Exercise directions: Retype all entries exactly, skipping pictures.
Given data section start
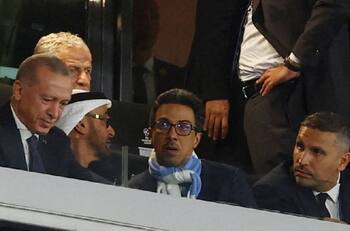 El jeque dueño de Manchester City fue a ver a su equipo al estadio por primera vez en más de una década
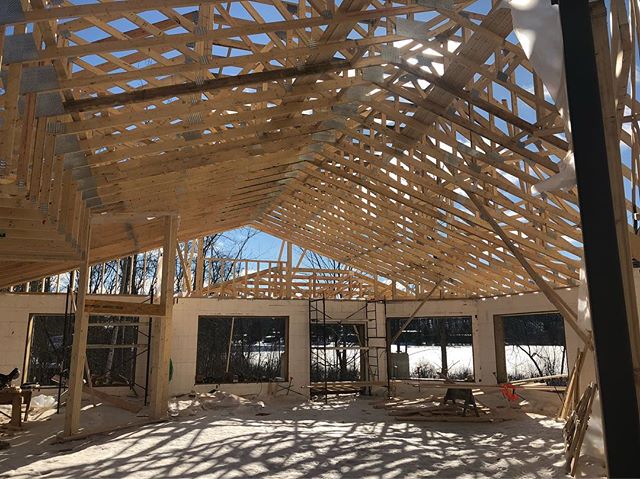 Moving along with trusses today at @andyshousemuskoka! #andyshouse #andyshousemuskoka #muskokaconstruction #futurehospice #palliativcare #hospicemuskoka #constructionprogress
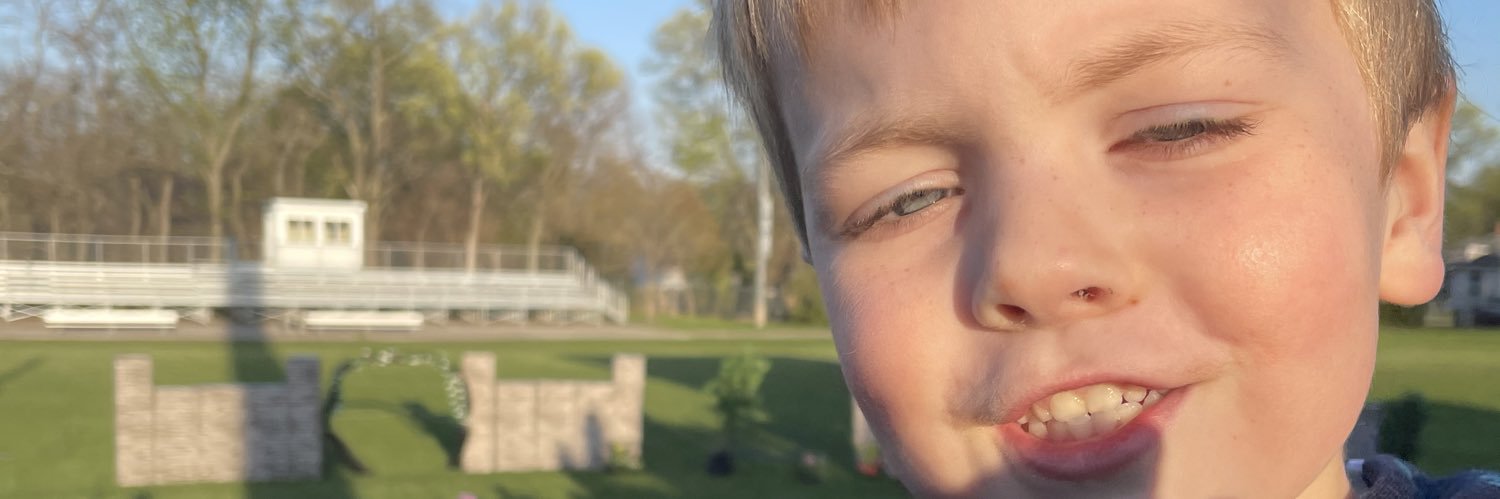 Rylee_Leshen's profile banner image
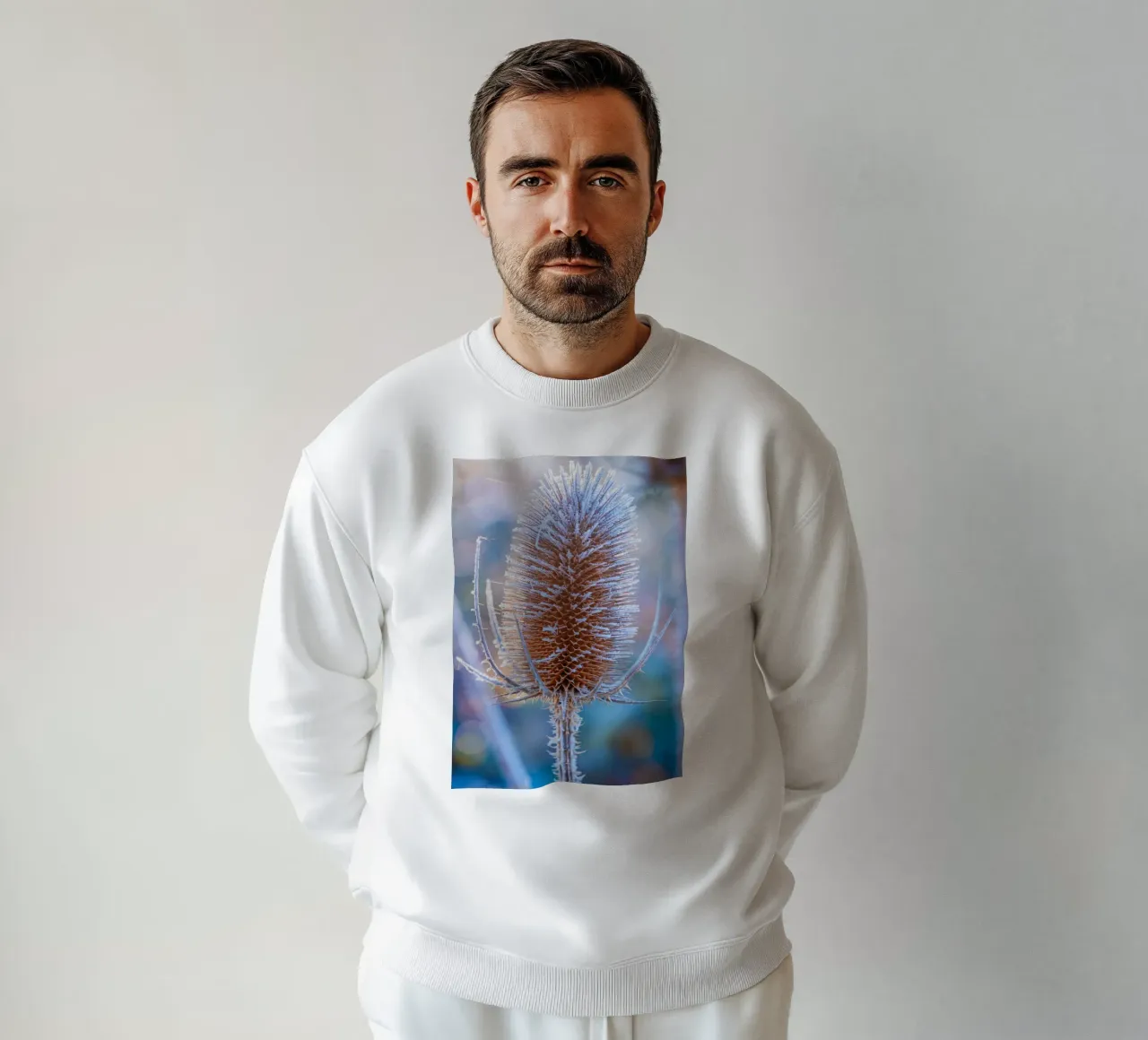 Teasel selvatico coperto di brina in inverno felpa da Marcus Beckert | Fotografie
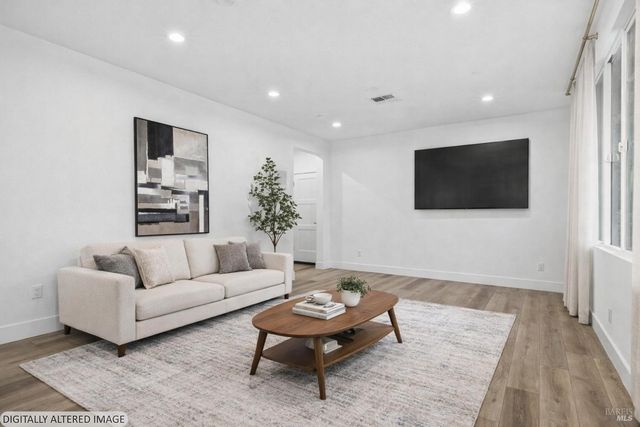 2782 Bella Cir, Santa Rosa, CA 95407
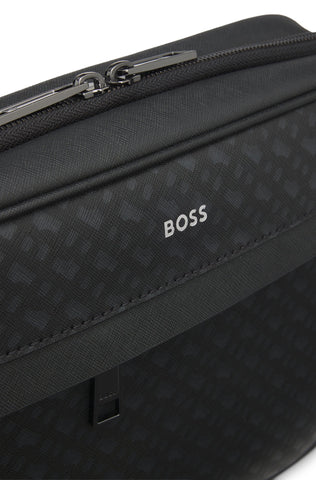 Bulto de Baño BOSS con Monograma Doble B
Given data section end
Written solution:
 El jeque dueño de Manchester City fue a ver a su equipo al estadio por primera vez en más de una década
 Moving along with trusses today at @andyshousemuskoka! #andyshouse #andyshousemuskoka #muskokaconstruction #futurehospice #palliativcare #hospicemuskoka #constructionprogress
 Rylee_Leshen's profile banner image
 Teasel selvatico coperto di brina in inverno felpa da Marcus Beckert | Fotografie
 2782 Bella Cir, Santa Rosa, CA 95407
 Bulto de Baño BOSS con Monograma Doble B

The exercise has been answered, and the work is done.